2. Vertical Slice of the Shell Runtime in C++

It's conceivable that the current shell runtime in Python will work for many applications. The speed of most shell scripts should depend on the speed of the external programs they use, not the speed of the shell itself.

But I want to write the runtime in C++ for a few reasons:

Modern shells are weaker than Python at string manipulation, frequently requiring external programs like sed and tr. I want Oil to be at least as good as Python in this respect, and that will require a fast interpreter.
I want Oil to subsume the functionality of Awk. Awk has floating point numbers and hash tables, which are best implemented in a native language.
A shell shouldn't depend on Python or any other interpreter. For example, Python isn't installed on Android, but it has a shell (mksh).

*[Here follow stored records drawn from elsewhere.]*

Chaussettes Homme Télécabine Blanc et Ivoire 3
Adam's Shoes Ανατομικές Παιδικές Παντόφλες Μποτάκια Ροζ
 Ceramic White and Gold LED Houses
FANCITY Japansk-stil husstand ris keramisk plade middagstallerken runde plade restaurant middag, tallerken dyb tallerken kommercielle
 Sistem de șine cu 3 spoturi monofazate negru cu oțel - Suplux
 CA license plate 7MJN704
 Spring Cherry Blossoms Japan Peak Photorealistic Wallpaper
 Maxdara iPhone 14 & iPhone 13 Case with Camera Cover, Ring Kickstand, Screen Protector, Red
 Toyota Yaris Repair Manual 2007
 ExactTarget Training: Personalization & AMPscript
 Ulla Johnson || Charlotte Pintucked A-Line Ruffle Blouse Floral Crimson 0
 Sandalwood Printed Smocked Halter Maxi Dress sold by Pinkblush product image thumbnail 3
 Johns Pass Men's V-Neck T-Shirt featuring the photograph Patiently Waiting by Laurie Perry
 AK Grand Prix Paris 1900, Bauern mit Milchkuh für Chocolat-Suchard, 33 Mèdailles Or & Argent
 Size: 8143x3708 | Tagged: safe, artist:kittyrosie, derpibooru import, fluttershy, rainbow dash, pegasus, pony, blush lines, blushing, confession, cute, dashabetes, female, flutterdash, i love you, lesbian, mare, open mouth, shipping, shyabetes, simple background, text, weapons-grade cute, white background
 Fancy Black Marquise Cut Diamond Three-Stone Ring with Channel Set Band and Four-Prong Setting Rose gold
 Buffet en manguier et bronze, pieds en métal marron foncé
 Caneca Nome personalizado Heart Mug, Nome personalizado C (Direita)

So I'll be working on a vertical slice of the C++ software architecture. The first step is to run something like this:

$ test -d / && echo 'hello world'
hello world

This will require the following:

Write a slice of the OSH-to-OVM compiler, probably in Python. OVM is a shared runtime for OSH and Oil: both osh.asdl and oil.asdl will compile to a simpler language specified in ovm.asdl.
Serialize OVM trees in OHeap format. This code is already written as part of ASDL.
Generate C++ classes for for the OVM AST nodes. They will use enum values in core/id_kind.py, mentioned in The Backbone of the Interpreter. Both of these code generators are already written.
Write a tree-walking interpreter. I'll adapt the C++ code mentioned in the very first blog post. I had the skeleton of a shell, but abandoned it because iterating in C++ is onerous.

So three pieces of relevant C++ code already exist, and I hope I can glue them together quickly. The main design issue will be the OVM code representation.

3. Further Work

Oil Parser. I wrote a parser for OSH, and began a translator from OSH to Oil. But we still don't have a parser for Oil! It will likely follow the structure of the OSH parser, but with fewer lexer modes (formerly called lexical state).
Bootstrapping. After writing the runtime in C++, we'll still have an OSH parser written in Python. One way to break the dependency is to compile Python to OVM.

I'll save the details of these tasks for a future post. I'm not sure in what order I'll tackle them, and there is more than one possible approach for each one.

There's also the ongoing work and other unfinished tasks mentioned in the last post. Also, the OSH to Oil translator isn't done, although it's been proven.

There's a lot of work to do, and I think some of it can be parallelized. I hope that the automated test enhancements I've described here makes it pleasant to work on the project. Please leave a comment if you want to work on it.

Although I think the HTML page I linked above is fairly easy to understand, I'll explain it in detail in an upcoming post. I also plan to add docs on contributing and testing in the Git repository.